One member of the Commission made the recommendation to maintain existing CON regulation for this service. This member believes that maintaining Certificate of Need regulation of Level I perinatal services will address the problem of large fixed costs incurred by facilities that provide these services and the shortage of skilled workforce.
Several members of the Commission report that this recommendation should be limited to Level 1 perinatal services at hospitals and should not be construed as a recommendation regarding freestanding facilities.
Concerned about a possible hit to their bottom line, metro Atlanta hospitals are preparing to put a few newly proposed state health-care regulations under the knife.
.....Hospitals argue that physician-owned surgery centers siphon off their best-paying patients, leaving the burden of the uninsured for hospitals to bear.
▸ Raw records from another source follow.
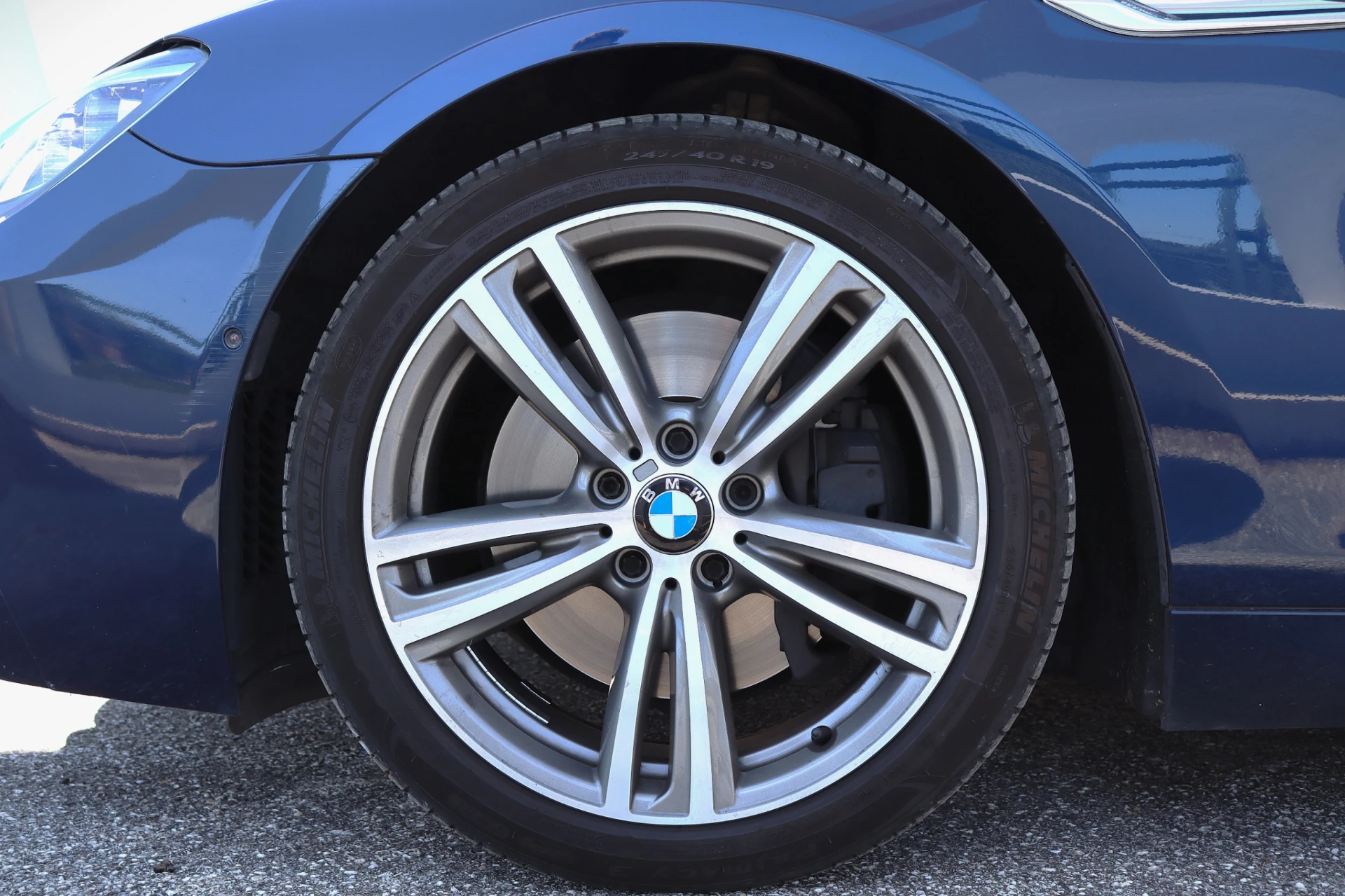 BMW 640 Cabrio M Sport Edition 17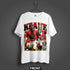 Roy Keane The Captain Tribute Premium Oversized T-Shirt (Unisex)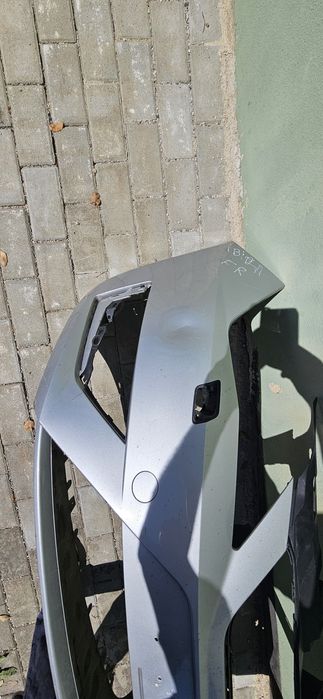 Parachoques seat ibiza FR
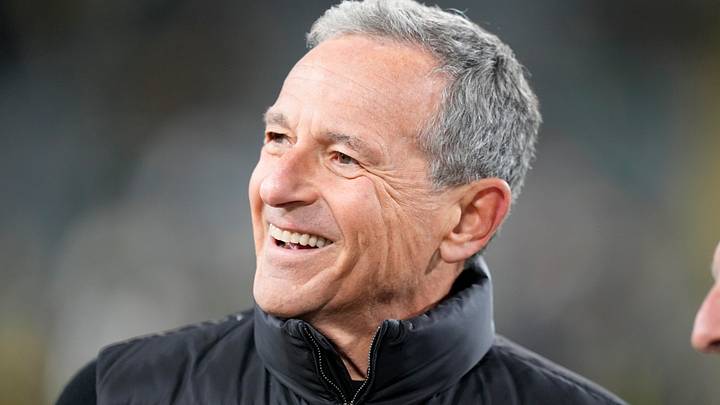 Bob Iger.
Recent financial data just released by the state Department of Community Health, which tracks the performance of hospitals each year, shows that metro Atlanta's 25 largest hospitals spent nearly $485 million combined on uncompensated, indigent and charity care in 2005. That's up 12 percent from $435 million in 2004.
The recommendation "is just one more knife in the hospitals' back, and it's a big knife," said Michael Rovinsky, president of the health-care consulting firm Integrity Consulting Group. "General surgery accounts for a lot of profitable procedures. This is the one [recommendation] that's going to be fought the hardest."
....But the proposal to classify general surgery as a single specialty could be damaging to many hospitals, especially as they continue to fight rising costs to care for the poor and uninsured.
"It would have a financial impact," said Holly Snow, Piedmont's vice president of government and external affairs.
The commission anticipated the controversy, and in its recommendations says all outpatient surgery centers must commit to serving the indigent and uninsured.
Other possibly contentious recommendations are also included in the commission report. One permits hospitals wanting to launch general labor and delivery programs to circumvent the certificate-of-need process. The same goes for hospitals trying to start up diagnostic heart catheterization programs. The catheterization procedure involves a thin, hollow tube that is threaded through the body to examine the heart's chambers.
My physician colleagues need to tread carefully here. The hospitals can make a very persuasive argument aimed at the public concerning lack of access to care. If left to their own devices I doubt many of these ASC's will take care of the medically complex or the underinsured. It will be an interesting battle.